Activity: Your copy should begin with the line containing "Langermet topp i lett jerseyslub, bonprix", end with the line containing "Framed State College Navy Bus Scroll", match the listing below exactly, and contain no pictures.
[[ Study material, beginning ]]
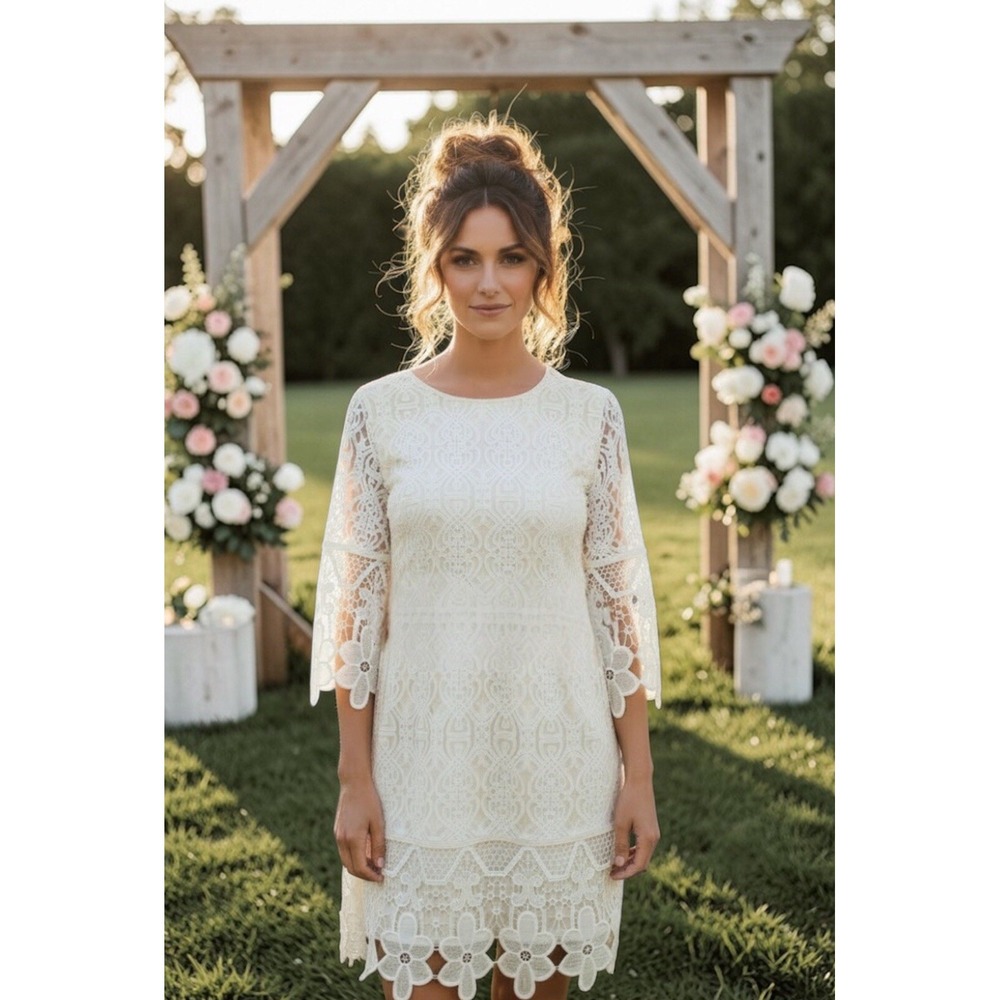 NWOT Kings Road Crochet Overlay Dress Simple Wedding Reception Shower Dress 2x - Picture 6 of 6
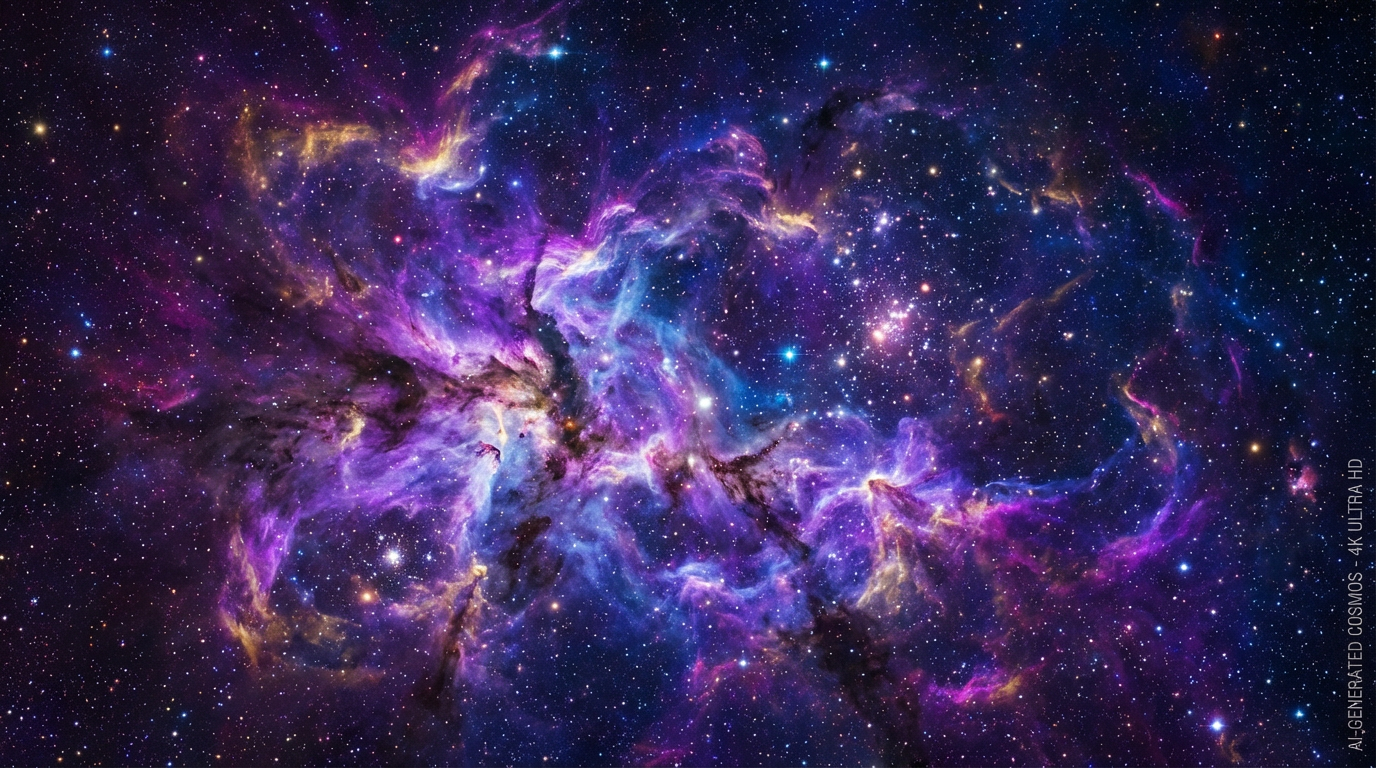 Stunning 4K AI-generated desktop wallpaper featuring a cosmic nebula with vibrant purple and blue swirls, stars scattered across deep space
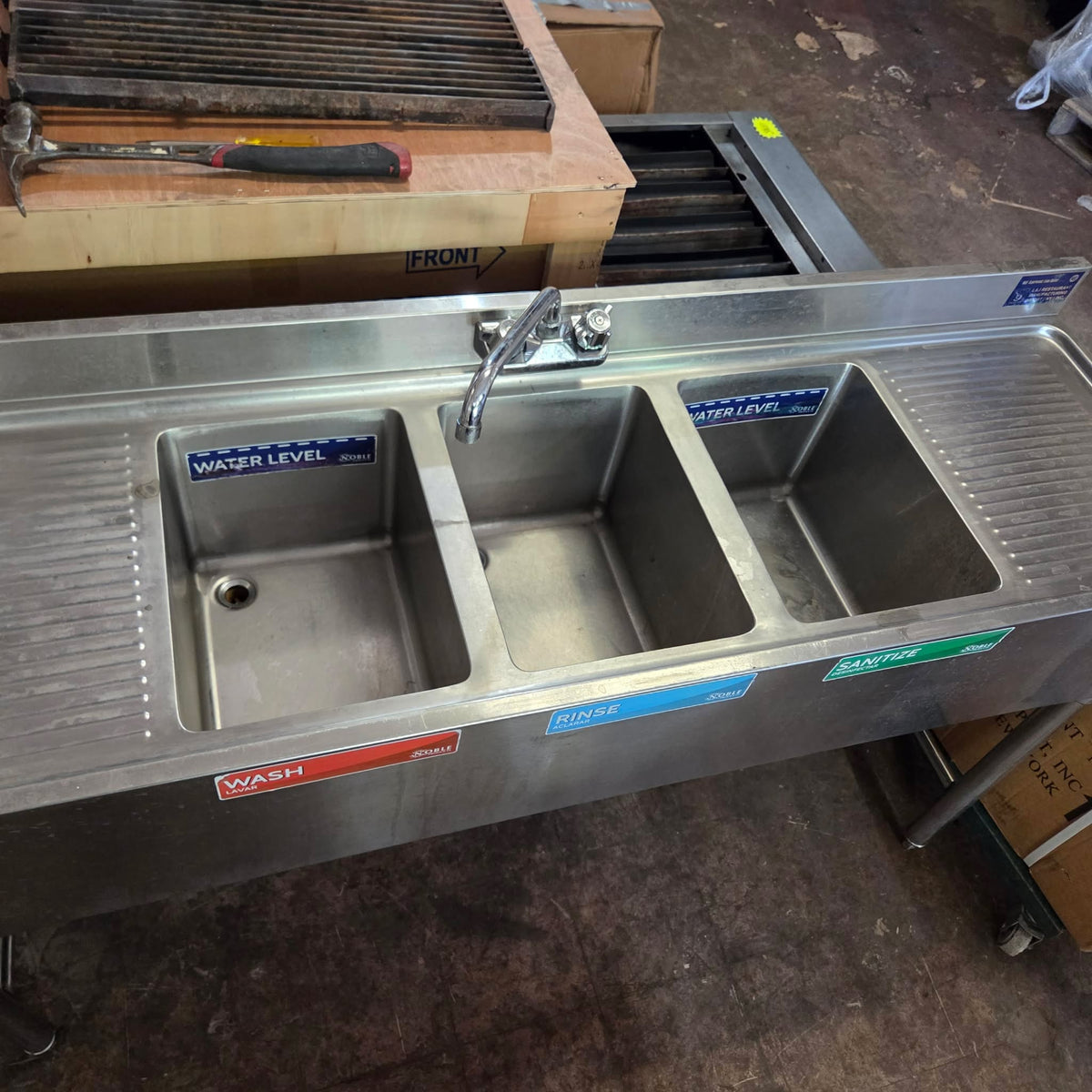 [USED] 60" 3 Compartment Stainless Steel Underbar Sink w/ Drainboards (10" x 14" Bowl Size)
[[ Study material, end ]]
[[ Study material, beginning ]]
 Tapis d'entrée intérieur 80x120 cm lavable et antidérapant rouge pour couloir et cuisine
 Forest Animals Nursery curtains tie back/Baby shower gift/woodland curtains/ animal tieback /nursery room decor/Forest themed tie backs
[[ Study material, end ]]
[[ Study material, beginning ]]
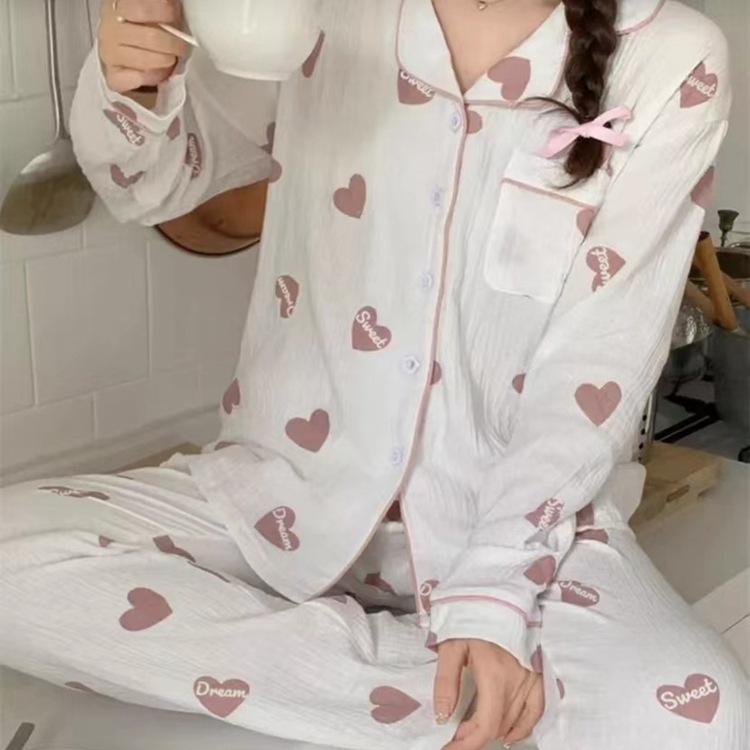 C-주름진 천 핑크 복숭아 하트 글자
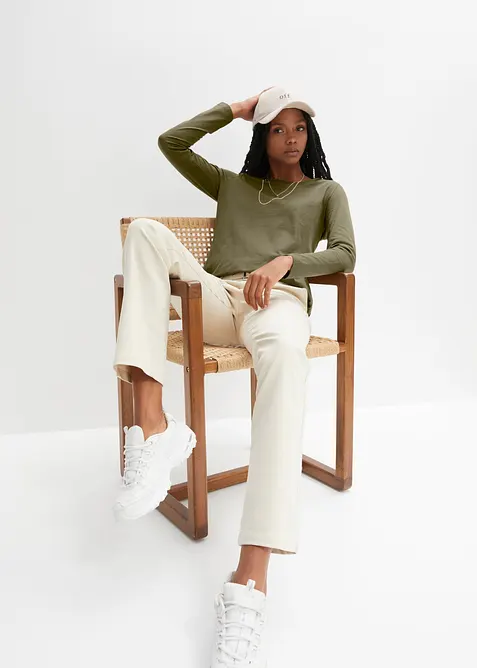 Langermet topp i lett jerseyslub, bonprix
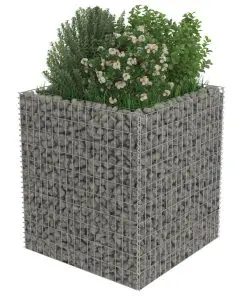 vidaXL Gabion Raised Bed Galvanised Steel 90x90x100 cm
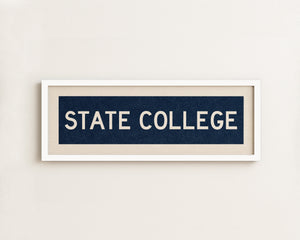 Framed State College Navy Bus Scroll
[[ Study material, end ]]
Response:
 Langermet topp i lett jerseyslub, bonprix
 vidaXL Gabion Raised Bed Galvanised Steel 90x90x100 cm
 Framed State College Navy Bus Scroll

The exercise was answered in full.